McKim was elected as a Democrat to the Seventeenth Congress to fill the vacancy caused by the resignation of Samuel Smith.  On the same day, McKim was elected as a Jackson Republican to the Eighteenth Congress to fill the vacancy caused by the resignation of Representative-elect Smith and served from January 4, 1823, to March 3, 1825.  After Congress, McKim served as one of the original director of the Baltimore & Ohio Railroad Co. from 1827 until 1831.

McKim returned to Congress, elected as a Jacksonian to the Twenty-third and Twenty-fourth Congresses and reelected as a Democrat to the Twenty-fifth Congress.

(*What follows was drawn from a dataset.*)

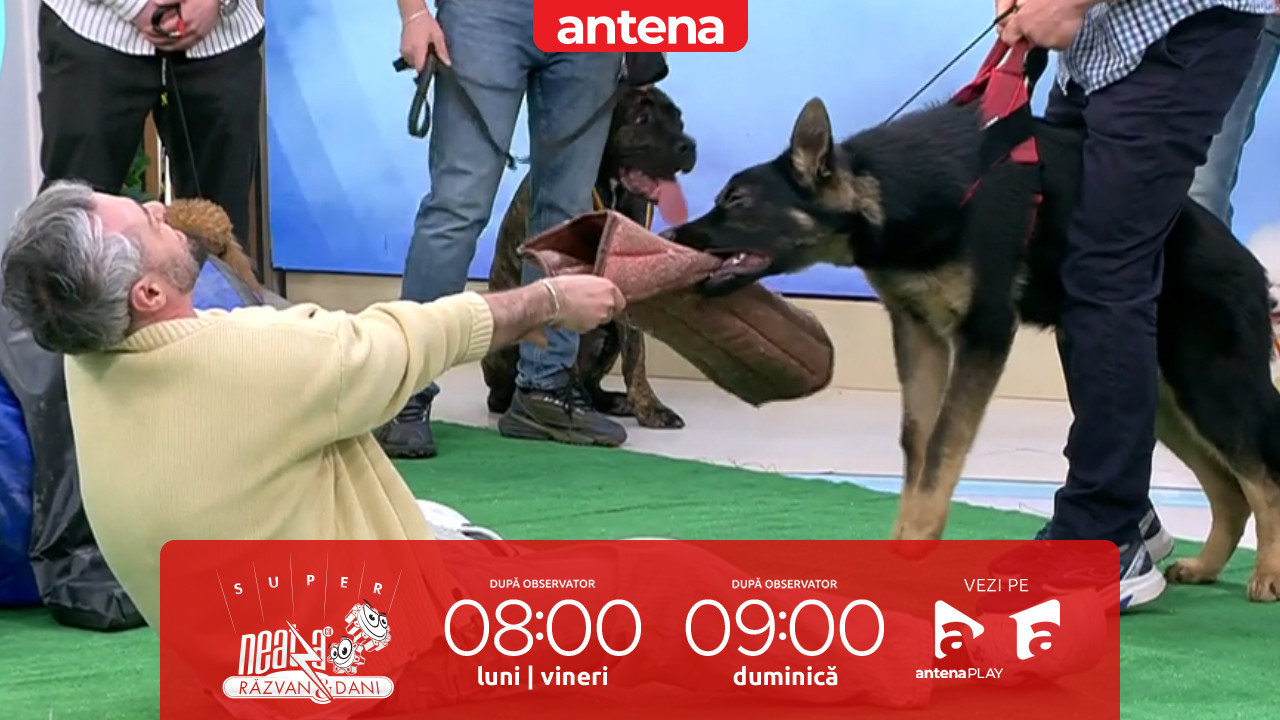 Super Neatza. Secretul unei relații perfecte cu c&acirc;inele tău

He served from March 4, 1833, until his death in Baltimore, Maryland, on April 1, 1838.  He was interred in the burying ground of St. Paul's Church.

 List of United States Congress members who died in office (1790–1899)

Merchant 
McKim was a "wealthy sea-dog and merchant" and a leader in the commercial and industrial life of Baltimore. He owned a fleet of merchant ships.

Among other businesses he had a copper warehouse on Gay street in Baltimore. Isaac also operated a steam flour mill.

Owner of the Ann McKim
In 1832, he contracted the prestigious Baltimore shipbuilding firm of Kennard & Williamson to build the ship of his dreams, the famous Baltimore clipper Ann McKim, that he named in honor of his wife. It then went on to become the model for many of the clipper ships built over the next 25 years.

Legacy
Isaac McKim finished the building of the first free school in the U.S., McKim Free School, started by his father John McKim.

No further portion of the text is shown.